Schon ein erster Blick in den Vertragstext zeigte, welch radikale Umstellung vom Vertragspartner DDR verlangt wurde. In Artikel 1 wurde als Grundlage der Wirtschaftsunion die Soziale Marktwirtschaft festgeschrieben. Zu ihr hieß es:

"Sie wird insbesondere bestimmt durch Privateigentum, Leistungswettbewerb, freie Preisbildung und grundsätzlich volle Freizügigkeit von Arbeit, Kapital, Gütern und Dienstleistungen [...]."

Als dann der Staatsvertrag am 1. Juli 1990 in Kraft trat, klang bereits nüchterner, was Bundeskanzler Helmut Kohl für bemerkenswert hielt:

"Die Deutschen in der Bundesrepublik und in der DDR sind jetzt wieder unauflöslich miteinander verbunden. Sie sind es zunächst durch eine gemeinsame Währung, durch die gemeinsame Ordnung der Sozialen Marktwirtschaft.
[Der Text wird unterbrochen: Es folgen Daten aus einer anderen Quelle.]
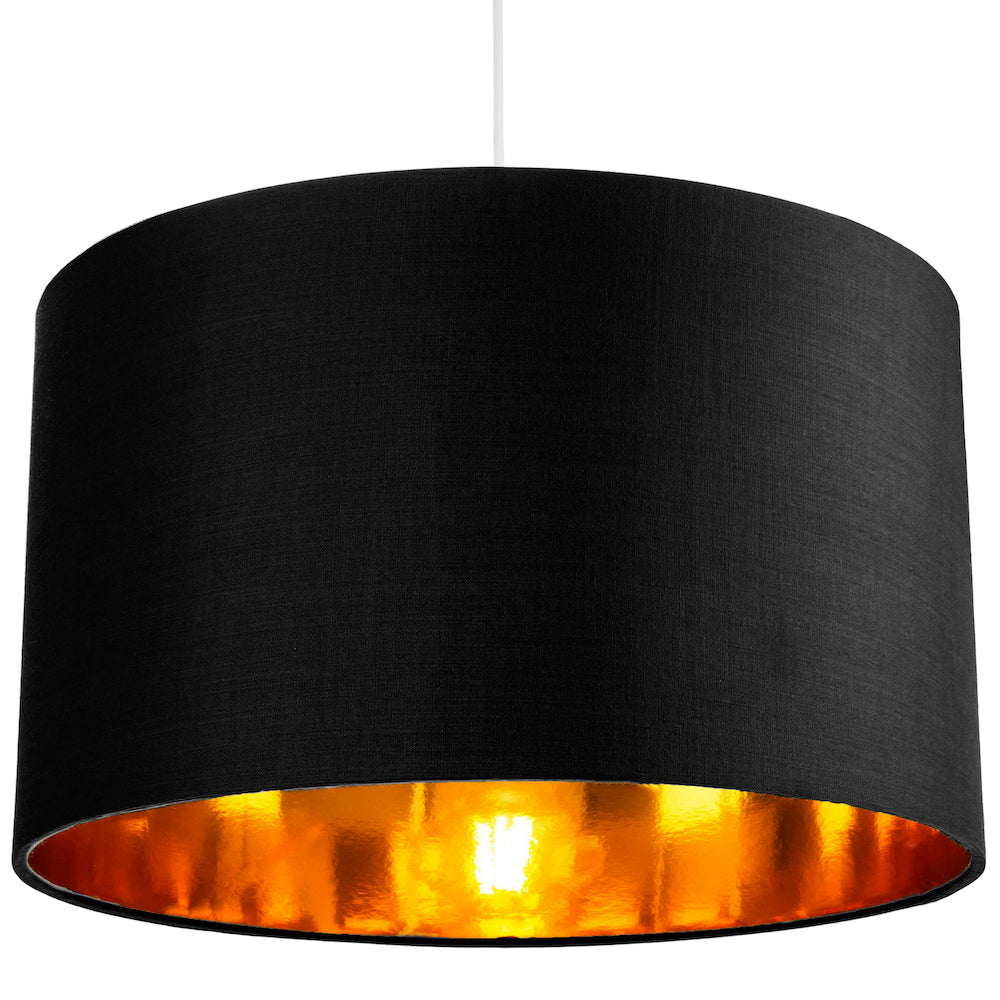 Contemporary Black Cotton 14" Table/Pendant Lamp Shade with Shiny Golden Inner Image 6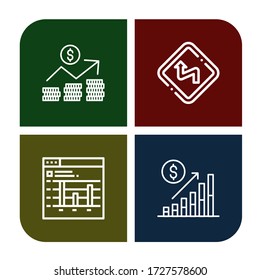 stats icon set. Collection of Graph, Curves, Bar graph, Bar chart icons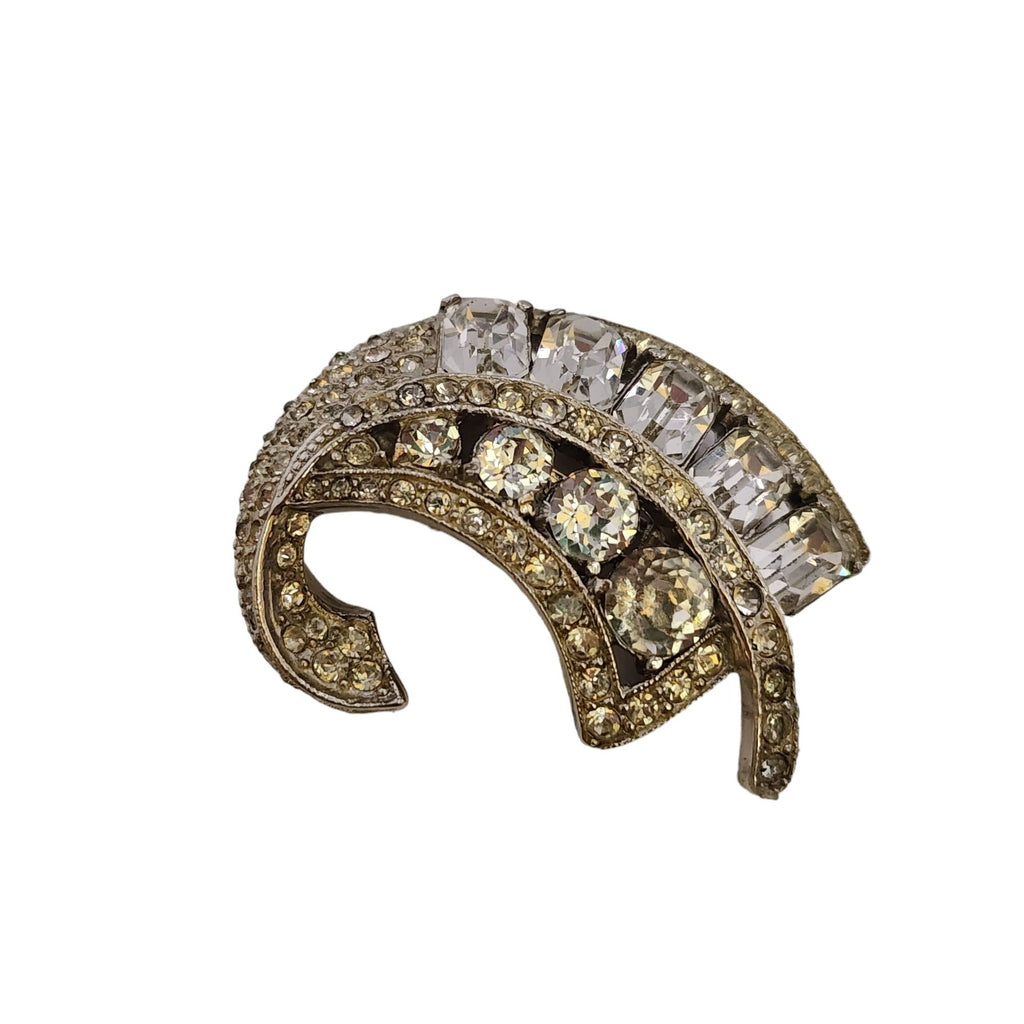 Vintage Signed Rhinestone Coro Fur Clip (A3559)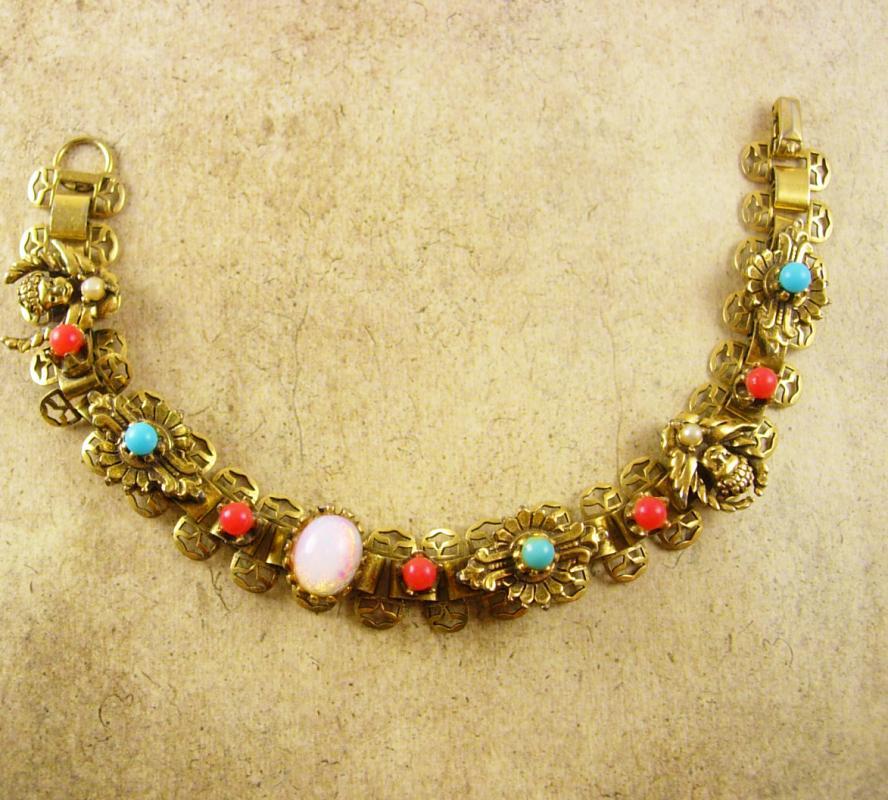 Antique Bookchain Victorian bracelet Cherubs opals pearl coral turquoise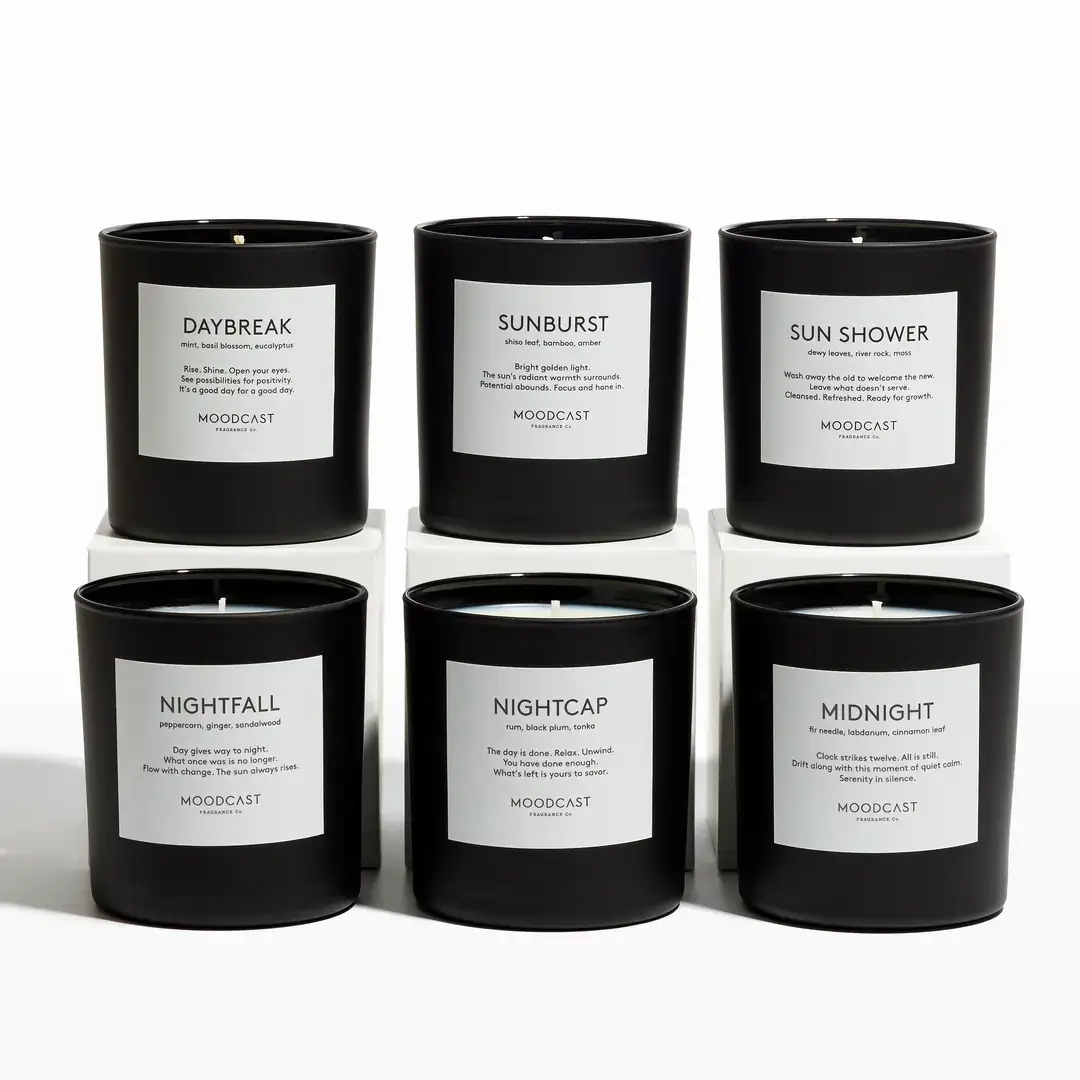 Moodcast Fragrance Co. - Wholesale Jar/Filled Candle - Coconut Wax Candle - Night & Day - Nightcap - 8 oz Glass Jar6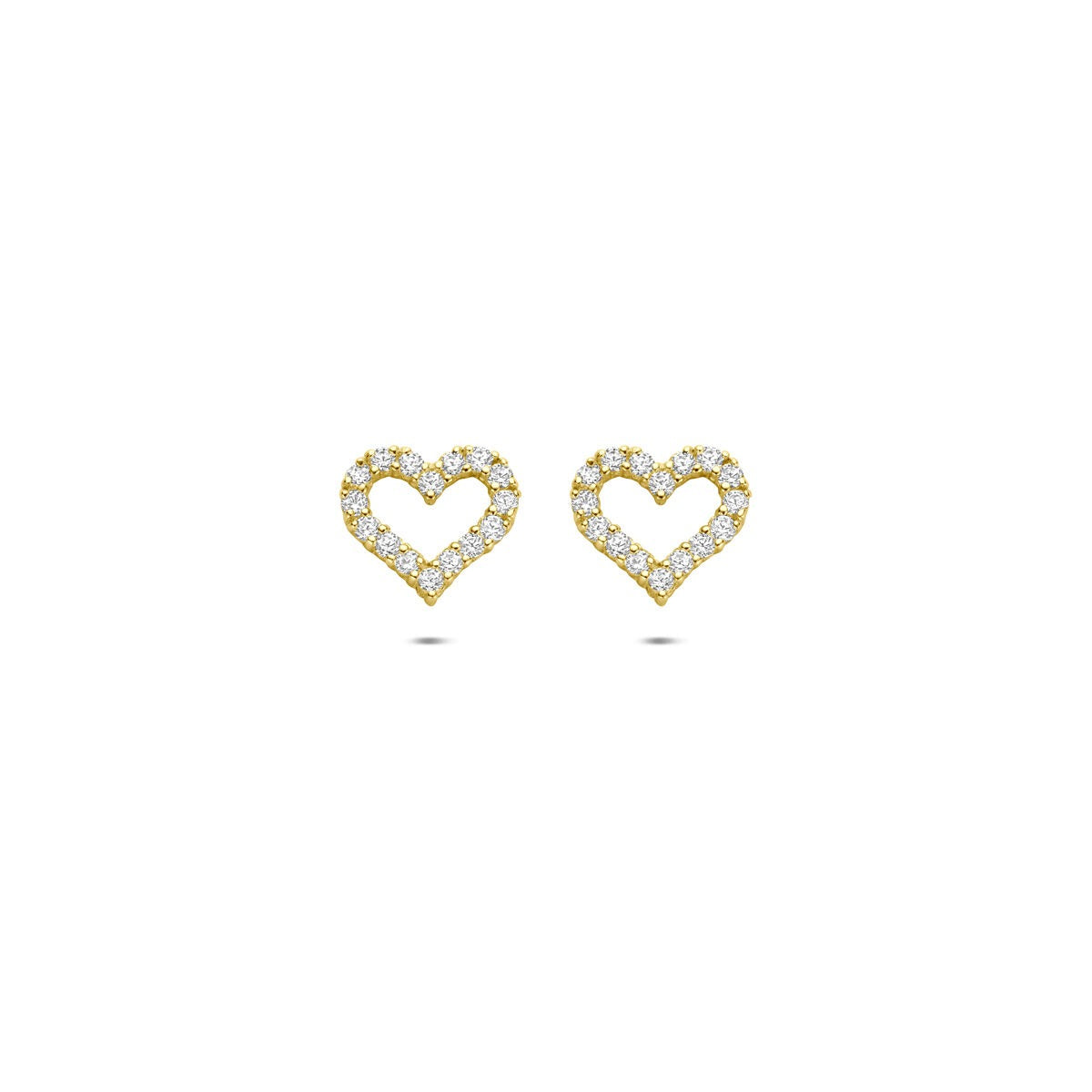 Orecchini a forma di cuore in oro 9k con zirconi.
Wir werden es auch bald wieder in einem freien und vereinten Staat sein. Die Deutschen können jetzt auch wieder ungehindert zueinander kommen. Seit heute herrscht an der Grenze freie Fahrt. [...] Über 40 Jahre haben wir darauf gewartet."

Auch Bundesfinanzminister Theo Waigel pries die endlich erreichte "Freiheit der Konsumenten". Tatsächlich verschwanden mit dem

Inkrafttreten der Währungsunion am 1. Juli erst einmal Ostprodukte zugunsten von Westwaren aus den Regalen der DDR-Kaufhäuser. Doch mit den Produkten verschwanden auch die Arbeitsplätze. An neuen fehlt es bis heute. Viele der Befürchtungen hinsichtlich der Schwierigkeiten und Kosten einer Vereinigung wurden wahr, nicht dagegen die Hoffnungen, die viele Bürger veranlassten, einem eilig vollzogenen Beitritt der DDR zuzustimmen. Bis heute hängt der Osten von den Solidarbeiträgen aller Deutschen, aus den alten wie den neuen Bundesländern ab.